Computer-generated images of a crucial anthrax bacterium enzyme are helping to solve the mystery of how slight mutations in the shape of this protein can make it resistant to the antibiotics called sulfa drugs. Based on these new insights into the structure of the enzyme, called DHPS, the researchers have also developed a new molecule that appears likely to be able to block the enzyme’s activity without triggering resistance.
From St. Jude Children’s Research Hospital :
Anthrax enzyme images reveal secrets of antibiotic resistance, suggest new drug design
St. Jude scientists uncover insights into the structure of an enzyme that disclose a new target for drugs that might avoid antibiotic resistance in this potential bioterror weapon
Computer-generated images of a crucial anthrax bacterium enzyme are helping to solve the mystery of how slight mutations in the shape of this protein can make it resistant to the antibiotics called sulfa drugs. These findings, by scientists at St. Jude Children’s Research Hospital, appear in the September issue of Structure.
Based on these new insights into the structure of the enzyme, called DHPS, the St. Jude team has also developed a new molecule that appears likely to be able to block the enzyme’s activity without triggering resistance.
DHPS normally combines the molecules DHPP and pABA during part of a biochemical pathway that produces folate, a nutrient these bacteria need to survive. Sulfa drugs are antibiotics that block pABA from binding to the enzyme, and thus block folate production.
The St. Jude findings give important clues to how the enzyme binds to DHPP and pABA. They also provide a blueprint of the enzyme that researchers can use to design more effective antibiotics against the bacterium, Bacillus anthracis. Such information is especially valuable because the anthrax bacterium is widely regarded as a potential bioterrorism weapon. The finding could also be the basis for a broad-spectrum antibiotic to treat a variety of other infections that are becoming resistant to these drugs.
The team made these discoveries by creating images of the molecular structure of DHPS using X-ray crystallography. The team bombarded crystals of the enzyme with X-rays, then used the patterns formed by the diffraction of the beams off the crystals to create computer-generated, three-dimensional images of the enzyme shape. The researchers also used this technique to make images of the enzyme bound to the two molecules that the enzyme chemically combines with to make folic acid.

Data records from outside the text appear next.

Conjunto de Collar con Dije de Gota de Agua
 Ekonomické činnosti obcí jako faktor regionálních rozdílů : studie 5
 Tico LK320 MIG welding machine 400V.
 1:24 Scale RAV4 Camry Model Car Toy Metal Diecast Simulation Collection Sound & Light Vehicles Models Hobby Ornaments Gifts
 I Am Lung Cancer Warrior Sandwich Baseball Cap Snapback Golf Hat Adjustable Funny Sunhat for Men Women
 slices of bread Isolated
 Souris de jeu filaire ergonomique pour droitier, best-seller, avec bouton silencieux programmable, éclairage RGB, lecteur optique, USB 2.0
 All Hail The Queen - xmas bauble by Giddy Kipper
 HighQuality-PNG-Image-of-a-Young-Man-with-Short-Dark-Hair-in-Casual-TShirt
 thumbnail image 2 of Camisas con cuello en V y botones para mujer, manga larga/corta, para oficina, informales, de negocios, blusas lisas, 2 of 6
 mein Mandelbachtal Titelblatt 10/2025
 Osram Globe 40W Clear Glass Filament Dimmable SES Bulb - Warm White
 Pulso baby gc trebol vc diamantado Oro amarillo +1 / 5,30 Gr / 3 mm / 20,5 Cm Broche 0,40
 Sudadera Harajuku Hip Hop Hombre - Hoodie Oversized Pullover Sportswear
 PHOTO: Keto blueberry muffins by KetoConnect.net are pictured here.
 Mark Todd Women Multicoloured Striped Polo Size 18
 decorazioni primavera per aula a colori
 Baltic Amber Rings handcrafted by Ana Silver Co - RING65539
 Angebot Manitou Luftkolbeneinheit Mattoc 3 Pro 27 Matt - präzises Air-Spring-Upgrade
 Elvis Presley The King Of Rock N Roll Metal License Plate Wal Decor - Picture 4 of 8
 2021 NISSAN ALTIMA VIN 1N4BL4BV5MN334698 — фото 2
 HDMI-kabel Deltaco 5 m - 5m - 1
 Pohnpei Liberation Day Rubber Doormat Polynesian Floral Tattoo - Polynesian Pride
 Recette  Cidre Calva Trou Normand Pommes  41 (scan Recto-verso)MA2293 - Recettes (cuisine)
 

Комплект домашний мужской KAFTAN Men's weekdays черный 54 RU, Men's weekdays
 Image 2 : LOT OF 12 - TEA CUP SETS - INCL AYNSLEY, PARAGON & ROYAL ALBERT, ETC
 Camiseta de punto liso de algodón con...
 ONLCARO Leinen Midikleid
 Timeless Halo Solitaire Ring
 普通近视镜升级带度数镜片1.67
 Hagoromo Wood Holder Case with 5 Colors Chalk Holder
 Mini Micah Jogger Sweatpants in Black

Based on these images of the enzyme and its interaction with other molecules, the investigators discovered how it manipulates pABA and DHPP. In addition, the images disclosed a potentially new antibiotic target within the enzyme structure that would be much less likely to develop resistance to an antibiotic, the researchers say.
”Until now, no one had produced images of sulfa drugs binding to DHPS,” said Stephen White, Ph.D., chairman of the St. Jude Structural Biology department. ”Without that kind of visual information it’s impossible to fully understand how the enzyme works, how the sulfa drugs interfere with DHPS and what kind of changes in the structure of DHPS make this enzyme resistant to sulfa drugs.”
White is senior author of the Structure report. The St. Jude investigators created images of the loops and helical ribbons of protein making up this DHPS. In addition, they created images showing how certain small enzyme mutations allow it to alter its structure, blocking the attachment of sulfa drugs. The image showed that while this slight change in the shape of a small part of the enzyme made DHPS resistant to sulfa drugs, it did not disrupt the enzyme’s ability to combine DHPP and pABA.
”This subtle change is just enough to let DHPS prevent the antibiotic from binding to it, but not enough to disrupt the enzyme’s normal work,” White said. ”So the bacteria evade the antibiotic and continue to make folate and survive.”
Based on the new understanding of the structure of DHPS, the St. Jude team also made a new drug-like molecule that binds to a part of the enzyme that is not likely to mutate and make the bacteria resistant to antibiotic molecules designed to bind there. This molecule (5-nitro-6-methylamino-isocytosine) binds to a part of DHPS deeper within the loops and folds of the protein structure of the enzyme than the sulfa-drug binding site.
”If the drug binds to this part of DHPS, the enzyme would lose the ability to bind to DHPP and help the cell make folate,” White said, ”and if the enzyme mutated enough to avoid the antibiotic, the change in shape of this critical part of DHPS would destroy its ability to bind DHPP anyway. Either way, our new molecule looks like it could be the basis of a very effective new antibiotic against anthrax bacteria.”
In addition, because many other infectious bacteria use DHPS to make folate, the St. Jude study holds promise for solving the growing problem of antibiotic resistance among microorganisms causing tuberculosis, pneumonia and a variety of other diseases, according to Kerim Babaoglu, the paper’s first author.
”The pharmaceutical industry is reducing its investment in developing new antibiotics,” Babaoglu said. ”So it’s important that academic institutions fill in the research gap to ensure we will have effective treatments for these infections in the years ahead.”